(Phoenix, State Capitol)—Arizona’s economy could soon be feeling the effects of higher electricity rates under regulations recently announced by the Environmental Protection Agency (EPA), a group of state lawmakers was told Monday.
In a rare joint committee hearing chaired by Senator Gail Griffin (R-Hereford), members of the Senate Government and Environment Committee and the House Energy, Environment, and Natural Resources Committee, chaired by Representative Frank Pratt (R-Casa Grande) heard testimony from state air quality regulators, utility officials, a hospital executive, union representative, and the Director of the Navajo Nation Environmental Protection Agency, all of whom agreed that new regulations announced by the EPA could have a significant, negative impact on Arizona’s economy and its ability to attract and create new jobs.
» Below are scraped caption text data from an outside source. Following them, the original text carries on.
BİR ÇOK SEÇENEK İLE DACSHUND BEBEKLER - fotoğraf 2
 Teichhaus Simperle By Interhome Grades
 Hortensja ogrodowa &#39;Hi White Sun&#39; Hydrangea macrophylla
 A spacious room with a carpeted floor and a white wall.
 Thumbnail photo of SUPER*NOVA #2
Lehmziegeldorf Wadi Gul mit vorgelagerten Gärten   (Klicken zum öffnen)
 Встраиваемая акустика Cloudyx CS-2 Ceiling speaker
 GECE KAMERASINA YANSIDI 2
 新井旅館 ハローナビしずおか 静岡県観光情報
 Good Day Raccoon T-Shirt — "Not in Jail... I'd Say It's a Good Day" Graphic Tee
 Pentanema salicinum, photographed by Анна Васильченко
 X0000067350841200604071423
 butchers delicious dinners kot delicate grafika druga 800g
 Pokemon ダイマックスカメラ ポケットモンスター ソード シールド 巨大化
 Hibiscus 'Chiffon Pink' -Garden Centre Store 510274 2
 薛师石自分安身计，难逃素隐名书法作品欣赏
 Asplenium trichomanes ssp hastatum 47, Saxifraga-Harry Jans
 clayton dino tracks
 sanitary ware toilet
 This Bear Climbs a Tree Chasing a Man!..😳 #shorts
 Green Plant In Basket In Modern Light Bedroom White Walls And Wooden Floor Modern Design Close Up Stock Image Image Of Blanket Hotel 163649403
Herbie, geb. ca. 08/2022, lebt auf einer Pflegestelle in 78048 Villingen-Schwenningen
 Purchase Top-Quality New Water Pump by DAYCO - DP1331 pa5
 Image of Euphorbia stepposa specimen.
“This is a non-partisan issue that has alarmed Republicans and Democrats alike,” Senator Griffin said. “Regardless of how one feels about the EPA, there is nothing logical about requiring Arizona residents to pay a billion dollars for regulations that make virtually no improvement in visibility and have nothing to do with public health.”
The regulations in question stem from the EPA’s interpretation of the Clean Air Act, which requires states to formulate ‘State Implementation Plans’ (SIP) to improve visibility at ‘Class-1’ federal areas such as national parks. The regulations do not address public health.
In July of last year, the EPA rejected Arizona’s plan to reduce nitrogen oxide (NOx) and, in an unusual and legally questionable move, required Arizona to discard its plan in favor of an EPA-drafted Federal Implementation Plan.